EVA DEISSEN, Kolumnistin der Kronen-Zeitung:

Erwin Schrödinger statt Bertha von Suttner – dieser Tausender signalisiert die Wende, die Rückkehr der Männer an die entscheidenden Positionen. Zumindest auf den Geldscheinen. Schade um die Bertha von Suttner, die immerhin auch eine der ganz frühen Feministinnen gewesen ist. Als nächstes geht es sicher der Angelika Kauffmann an den Kragen. Aber wie ein Macho schaut der Schrödinger auch nicht gerade aus. Wenn schon ein Mann, dann wäre mir ein fescherer lieber gewesen. Warten wir halt auf die nächste Emanzipationswelle. Die kommt bestimmt.

ENGELBERT BRODA, Schrödinger-Kollege und Professor am Institut für Physikalische Chemie der Universität Wien:

Ja, ich habe mit Erwin Schrödinger korrespondiert. Primär war er eine Kapazität in der theoretischen Physik, ein echter Pionier. Für seinen Beitrag zur Quantentheorie hat er 1933 den Nobelpreis erhalten. Schrödinger war aber auch ein kulturell sehr interessierter Mensch. Er hat sich viel mit Philosophie auseinandergesetzt, ja er hat sogar Gedichte geschrieben. Ein universeller Wissenschaftler also. Was man auch wissen sollte: Er war bis 1933 als Nachfolger von Max Planck Professor in Berlin. Und er ist sofort bei Beginn der Nazi-Herrschaft emigriert, obwohl er kein Jude war. Aber eben ein aufrechter Mensch.

KURT WEISZ, Münzen- und Banknotenhändler, Wiens Spezialist für historisches Papiergeld:

Ob der alte Tausender jetzt zur Antiquität wird?
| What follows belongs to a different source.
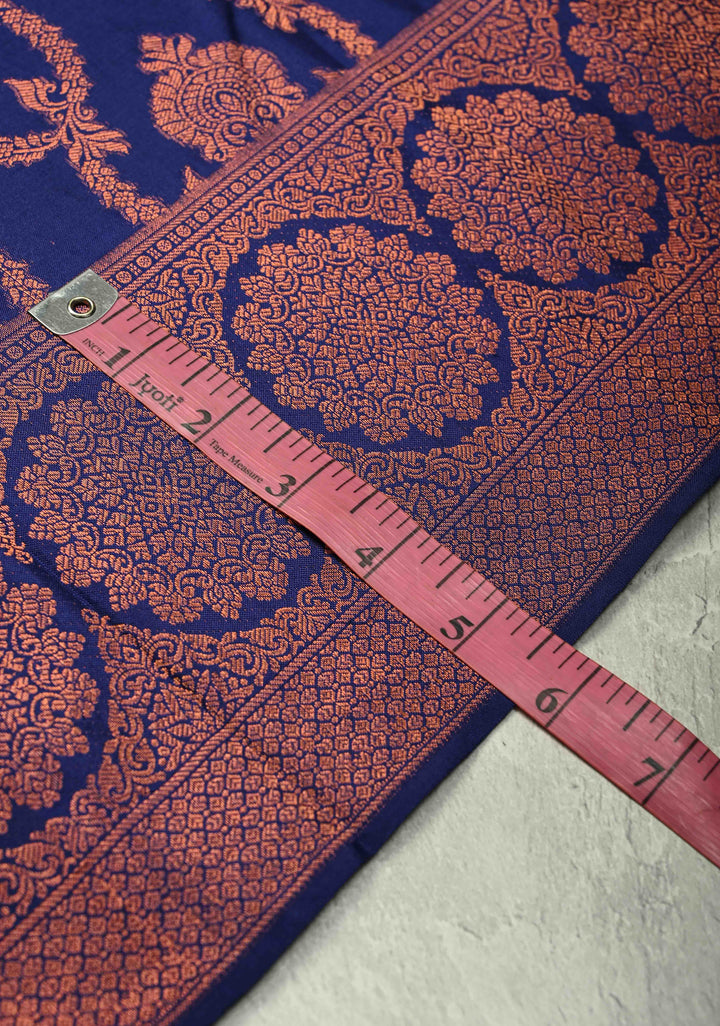 Dark Blue Pure Kanchi Silk Saree with Brocade and Zari Border | SILK MARK CERTIFIED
Innerhalb der nächsten zwei Jahre ist die Bertha von Suttner noch im Umlauf. Und dann wird man sehen. Meine Kunden sind keine windigen Spekulanten, sondern echte Sammler. Die kaufen vor allem nach ästhetischen Gesichtspunkten. Wie etwa den Kolo-Moser-Tausender von 1910 – ein Kunstwerk ersten Ranges, bester Jugendstil. Was ich vom Schrödinger-Tausender halte? Also lassen Sie es mich so sagen: Man sieht, dass der Sicherheit einiges an Künstlerischem geopfert wurde. Sein einziger Vorteil: er ist ein wenig kleiner geworden. Man muss ihn beim Einstecken nicht allzu stark zusammenwuzeln. Ist auch was wert.

PETER WEIBEL, Allroundkünstler und Professor für Gestaltungslehre:

Das ist ja ostblockmäßiges Design! Eine Schande! Typisch für die augenblickliche ästhetische Inflation. Statt den Nitsch, den Brus oder den Rainer unser Geld gestalten zu lassen, überschwemmt man uns mit dieser minderwertigen faschistischen Variante des Futurismus. Und dann das: Da kreisen doch rechts neben der Unterschrift des Herrn Kienzl Atome durch die Gegend. Das ist doch nichts anderes als subliminale Werbung für die Atomkraft. Das erinnert mich an Coca-Cola-Spots, die in den USA in manche Kinofilme reingeschnitten wurden und die die Zuschauer nicht bewusst gesehen, aber die bewirkt haben, dass nachher alle zu den Cola-Automaten gestürmt sind. Und jetzt zeigt man dem österreichischen Unterbewusstsein das Atom in einem derartig positiven Zusammenhang wie dem Tausender – und Sie werden sehen, nach der nächsten Abstimmung wird Zwentendorf wieder aufgesperrt werden. Da tun sich ja wahre Abgründe auf. Wenn Herr Sinowatz bei Sinnen ist, dann muss er dieses Machwerk sofort einstampfen lassen. Denn es verstößt doch glatt gegen die primitivsten Grundregeln der Demokratie. Eine Banknote als Werbeträger – ich bin schockiert.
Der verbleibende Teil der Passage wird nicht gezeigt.